日本でのダディンジュ祭りを見物したのは、2005年のことでした。
 ミャンマーの仏教徒による祭りは、仏教行事であり、お寺を中心に陰暦で行われます。満月の夜のお祭りのひとつ、ダディンジュ(Thadingyut)祭りについて。 

 ミャンマー仏教徒は、6月の満月から9月の満月までを 『雨安居(うあんご)』として。仏教徒の戒律を固く守ってすごします。(日本ではお坊さんでも夏安居の戒律まもっていないけれど)
 ダディンジュ月(ミャンマーは陰暦を使っています。太陽暦だとおよそ10月頃)
 ダディンジュ祭りは、雨安居の厳しい戒律の時期が終わったことを仏に感謝し、家族親戚友人達とごちそうをいっしょ食べ談笑し、お坊さんを招いて食事をさしあげ法話を聞くことでよりいっそう堅固な仏教徒となることを喜ぶ祭りです。

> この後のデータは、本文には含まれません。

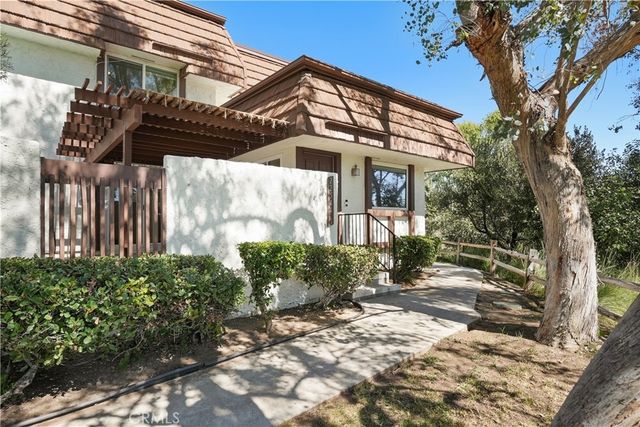 22544 Jeffrey Mark Court # 1, Chatsworth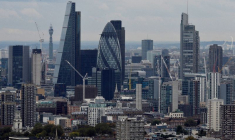 GRANDE-BRETAGNE: LA CROISSANCE DE L'ACTIVITÉ RALENTIT, LES TENSIONS SUR LES PRIX AUGMENTENT, SELON LE PMI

 10月には私は日本に帰国している時期なので、本場のダディンジュ祭りは見られませんが、日本でも各地で在日ビルマ人が集まって、祭りを行っているので、参加したいと思っています。

 「解夏祭るビルマパゴダの金色の屋根をかすめて飛ぶ白き鳥」
 この歌は、ビルマに行ったこともない春庭が、ビルマのお寺を想像して2005年に詠んだものです。そのビルマの金色のお寺を10年後に本当に見ることができたなんて、感激でした。
 赴任する8月9月は雨安居の真っ最中。私も、ちと仏教徒らしく、身をつつしんで過ごしたいと思います。